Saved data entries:
=====
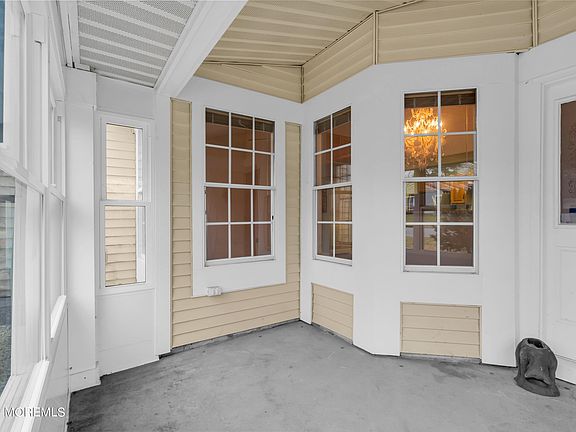 4th image of 976B Thornbury Lane #B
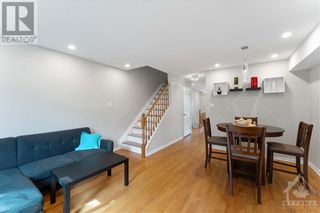 Photo 4: 17 SCOUT STREET in Ottawa: House for sale : MLS®# 1399598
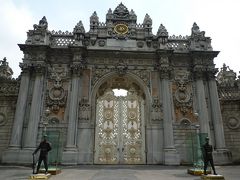 (14:32) 美しい装飾の門。トルコっぽくない。

＜ドルマバフチェ宮殿＞
第7代皇帝メフメト2世によって造成された庭園に、1856年に第31代皇帝アブデュルメジト1世により建てられてから、トプカプ宮殿にかわってスルタンの居城となりました。1922年に最後の第36代皇帝メフメト6世が退去してからは、トルコ共和国建国の父・初代大統領ムスタファ・ケマル・アタテュルクの官邸となり、宮殿内の時計はここで1938年に彼が亡くなった9時5分で止められているそうです。ヨーロッパのバロック様式とオスマン様式が融合する、部屋数は285にもなるという絢爛豪華な宮殿で、現在は政府の迎賓館としても使われ、観光客にも開放されています。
=====
Task details:
Every entry should be written out word for word, except for its pictures.

Written answer:
 4th image of 976B Thornbury Lane #B
 Photo 4: 17 SCOUT STREET in Ottawa: House for sale : MLS®# 1399598
 (14:32) 美しい装飾の門。トルコっぽくない。

＜ドルマバフチェ宮殿＞
第7代皇帝メフメト2世によって造成された庭園に、1856年に第31代皇帝アブデュルメジト1世により建てられてから、トプカプ宮殿にかわってスルタンの居城となりました。1922年に最後の第36代皇帝メフメト6世が退去してからは、トルコ共和国建国の父・初代大統領ムスタファ・ケマル・アタテュルクの官邸となり、宮殿内の時計はここで1938年に彼が亡くなった9時5分で止められているそうです。ヨーロッパのバロック様式とオスマン様式が融合する、部屋数は285にもなるという絢爛豪華な宮殿で、現在は政府の迎賓館としても使われ、観光客にも開放されています。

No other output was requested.